Do you really think it is ok for the government to be able to watch our every move? I thought you liked Justice Breyer.
Originally Posted by CuteOldGuy
Probably cause is not needed according to
Knotts just to observe a person in public, either directly or via a beeper implanted on his car. Frankly, I think
Knotts should be overruled. I think Bryer is the most disappointing of Clinton's appointees because he's the most conservative, but he's correct in this case.
I'm just pointing out that if you accept the premise that you have no reasonable expectation of privacy when in public, this is a hard case. And it's certainly a hard case when you have
Knotts out there.
I would discard the "expectation of privacy" test and instead talk about personal autonomy and freedom from government suspicion and interference of you daily activities whether in public or not. However, that flies in the face of hundreds of years of precedent. I just think that technology is such that we need to erect historically unprecedented barriers between the State and the individual to maintain the proper balance between the two and maintain what Justice Douglas called the "right to be left alone."

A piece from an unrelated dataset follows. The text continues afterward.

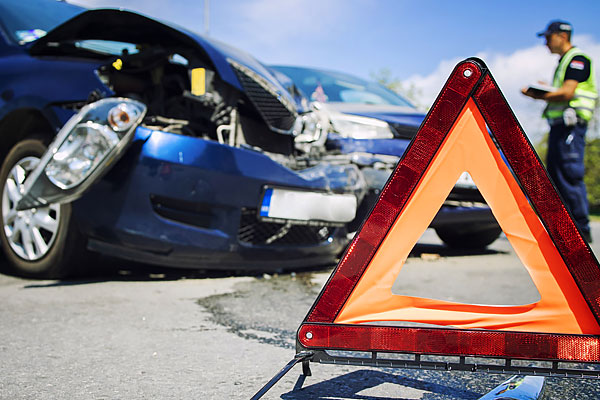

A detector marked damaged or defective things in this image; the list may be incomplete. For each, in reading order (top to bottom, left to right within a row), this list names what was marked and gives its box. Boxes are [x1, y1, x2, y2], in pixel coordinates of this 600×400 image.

crumpled car hood [28, 8, 296, 109]
crashed blue car [0, 1, 366, 278]
crashed blue car [272, 65, 502, 248]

Of course Constitutional originalists will say that there is no "right to be left alone" and that I would be "legislating from the bench." And if you believe in strict constructionism, sure, I would. But I think that you read the spirit of the document into the present era and take account of present circumstances. And I'm a firm believer in unenumerated rights. But I would have no problem at all telling the government, not "No," but "Hell, no!" in this case. And I'd do it in the most radical way possible to expand the scope of the Forth Amendment.